→ Exercise
Copy the data that follows exactly as it is, excluding all pictures.
++++ Data below
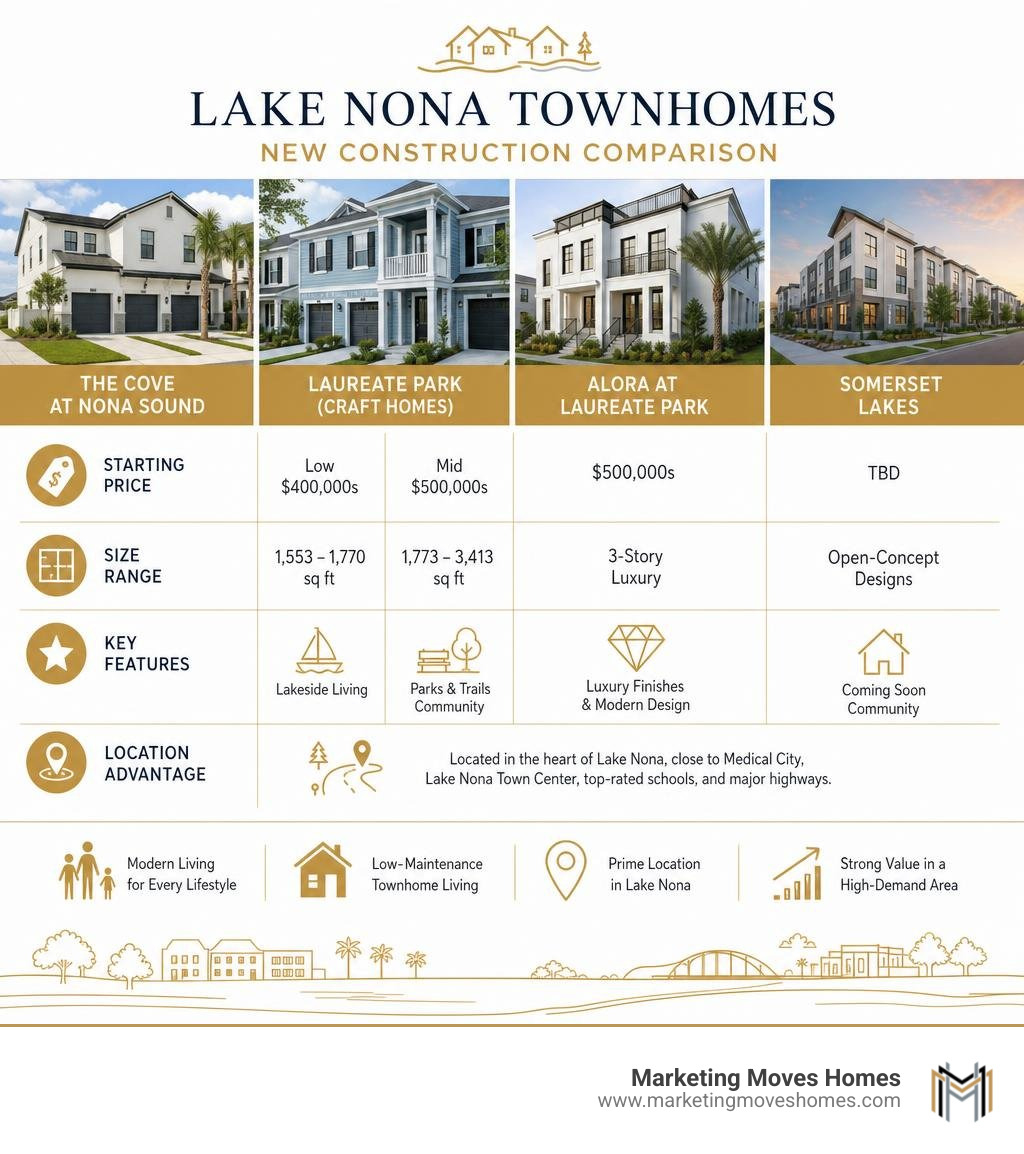 Infographic comparing Lake Nona new construction townhome communities by price, size, and key features infographic Infographic comparing Lake Nona new construction townhome communities by price, size, and key features infographic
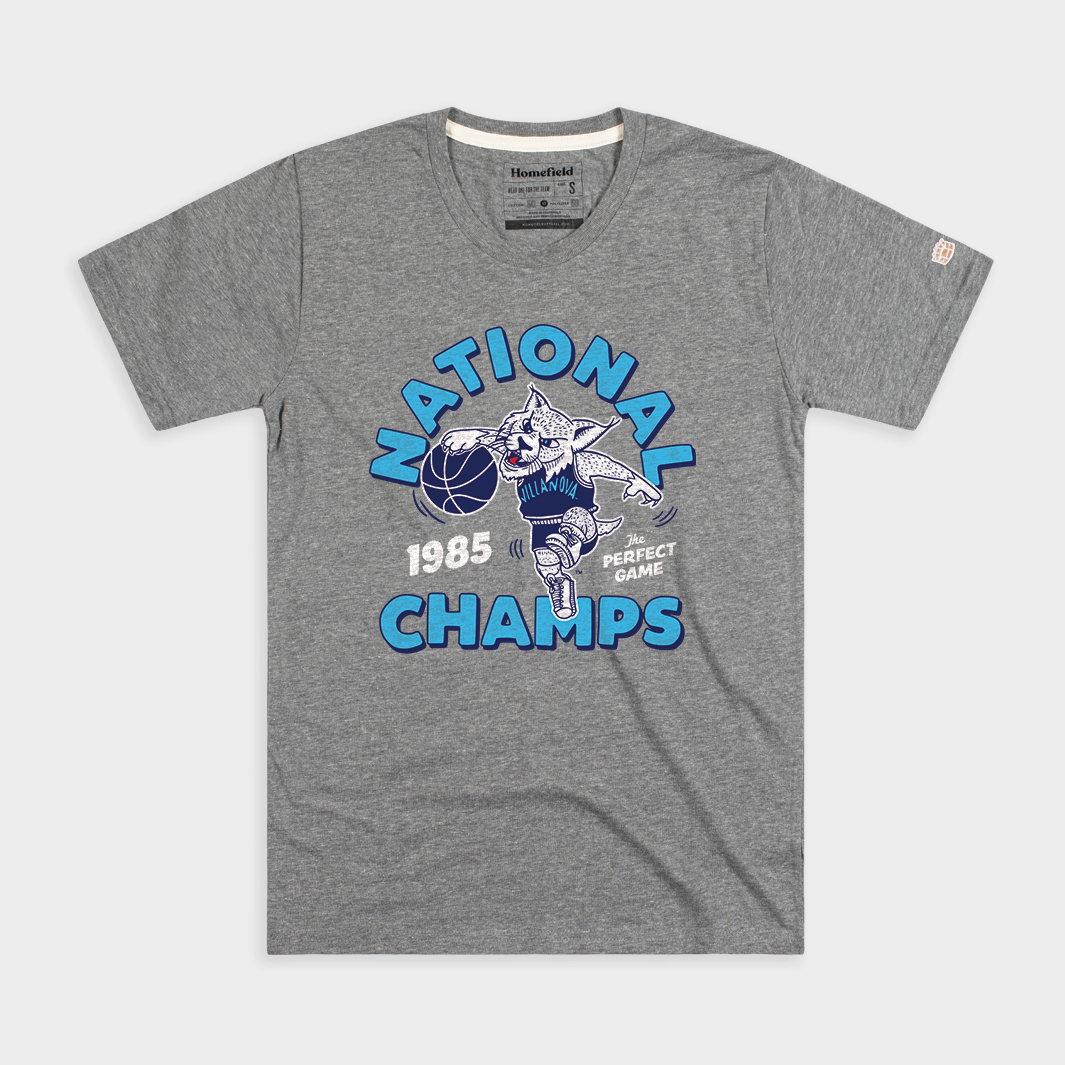 1985 National Champs Vintage Villanova Basketball Tee Style001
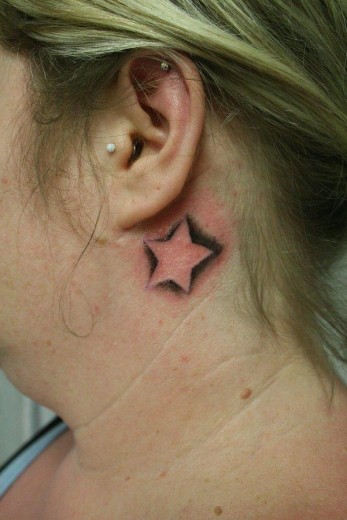 Star Tattoo Behind Ear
++++++++
→ Solution
 Infographic comparing Lake Nona new construction townhome communities by price, size, and key features infographic Infographic comparing Lake Nona new construction townhome communities by price, size, and key features infographic
 1985 National Champs Vintage Villanova Basketball Tee Style001
 Star Tattoo Behind Ear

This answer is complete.